My soul to take, the follow-up to Yrsa Sigurdardottir's stunning debut novel Last rituals, is every bit as good as its predecessor. It has, undoubtedly, the most chilling opening chapter I've ever read, and completely hooks the reader from the very beginning. It also marks a welcome return of the good guys from Last rituals Thora, the Icelandic lawyer with a dysfunctional, but endearing family, and Matthew, the German ex-detective and Thora's would-be long-term lover.
As with Yrsa's previous novel My soul to take blends crime and superstition with a black humour that will have you on the edge of your seat one minute and howling with laughter the next. Thora, who is busy dealing with mundane matters in Reykjavik is summoned to the Icelandic countryside, when a client, Jonas, announces that he wishes to sue the vendors of the property he purchased for not informing him that it is haunted. Thora takes this with a very large pinch of salt, but looks forward to spending some time in luxury at Jonas's hotel. However her plans are turned upside down when the hotel's architect is brutally murdered, and Jonas comes under suspicion. Thora, and Matthew who's recently arrived from Germany, are thrown into the investigation, which turns out to be incredibly complex.

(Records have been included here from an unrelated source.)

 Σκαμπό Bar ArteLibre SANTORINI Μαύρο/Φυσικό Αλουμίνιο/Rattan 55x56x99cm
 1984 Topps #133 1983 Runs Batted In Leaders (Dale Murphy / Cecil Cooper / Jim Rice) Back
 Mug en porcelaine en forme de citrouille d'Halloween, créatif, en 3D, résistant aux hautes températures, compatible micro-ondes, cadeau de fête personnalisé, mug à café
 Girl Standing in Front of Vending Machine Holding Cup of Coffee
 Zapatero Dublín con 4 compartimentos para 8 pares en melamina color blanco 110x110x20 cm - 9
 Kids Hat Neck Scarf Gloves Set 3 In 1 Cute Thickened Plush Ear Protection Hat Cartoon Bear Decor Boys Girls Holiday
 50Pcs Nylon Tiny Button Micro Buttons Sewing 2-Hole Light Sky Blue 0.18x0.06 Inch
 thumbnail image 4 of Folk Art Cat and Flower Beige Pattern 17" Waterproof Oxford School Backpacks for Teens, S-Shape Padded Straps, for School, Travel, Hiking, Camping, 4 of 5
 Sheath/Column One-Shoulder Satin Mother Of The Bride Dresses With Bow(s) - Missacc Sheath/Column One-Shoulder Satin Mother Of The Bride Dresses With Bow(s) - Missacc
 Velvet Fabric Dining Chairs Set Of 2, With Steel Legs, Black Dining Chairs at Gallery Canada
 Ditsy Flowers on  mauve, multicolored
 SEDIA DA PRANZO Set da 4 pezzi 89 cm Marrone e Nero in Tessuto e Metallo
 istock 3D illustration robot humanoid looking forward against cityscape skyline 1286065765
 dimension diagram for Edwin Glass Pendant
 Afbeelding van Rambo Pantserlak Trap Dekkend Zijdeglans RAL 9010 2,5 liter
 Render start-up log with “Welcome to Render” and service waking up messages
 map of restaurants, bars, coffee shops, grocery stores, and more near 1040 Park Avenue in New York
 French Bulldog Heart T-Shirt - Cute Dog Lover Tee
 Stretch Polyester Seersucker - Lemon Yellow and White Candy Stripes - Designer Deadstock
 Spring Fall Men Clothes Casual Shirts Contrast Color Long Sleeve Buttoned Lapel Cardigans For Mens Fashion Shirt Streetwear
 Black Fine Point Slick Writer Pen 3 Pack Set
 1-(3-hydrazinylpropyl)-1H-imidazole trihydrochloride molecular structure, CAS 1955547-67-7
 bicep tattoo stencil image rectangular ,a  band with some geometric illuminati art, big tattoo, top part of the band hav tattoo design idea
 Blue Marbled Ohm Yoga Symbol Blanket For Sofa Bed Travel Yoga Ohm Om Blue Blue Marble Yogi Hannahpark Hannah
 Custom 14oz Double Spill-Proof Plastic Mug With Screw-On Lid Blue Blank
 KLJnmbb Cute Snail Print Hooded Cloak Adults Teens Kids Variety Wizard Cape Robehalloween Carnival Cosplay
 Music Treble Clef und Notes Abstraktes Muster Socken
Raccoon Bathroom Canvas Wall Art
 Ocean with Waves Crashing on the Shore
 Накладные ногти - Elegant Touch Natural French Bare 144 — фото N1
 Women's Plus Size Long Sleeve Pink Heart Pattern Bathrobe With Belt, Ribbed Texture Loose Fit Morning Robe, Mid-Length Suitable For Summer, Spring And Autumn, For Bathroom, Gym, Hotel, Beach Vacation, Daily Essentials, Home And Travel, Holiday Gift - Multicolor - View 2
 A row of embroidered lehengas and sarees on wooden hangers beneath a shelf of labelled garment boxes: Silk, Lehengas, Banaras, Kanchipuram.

The author is brilliant at throwing red herrings copiously across the reader's path. The solution to the crime, and how Thora arrives at that solution, is very clever. There are a few anomalies, and perhaps one or two coincidences too many - but coincidences do happen. I so enjoyed this novel, my best new crime read this year. Cracking story, well-told, with great flashes of humour. 4 stars.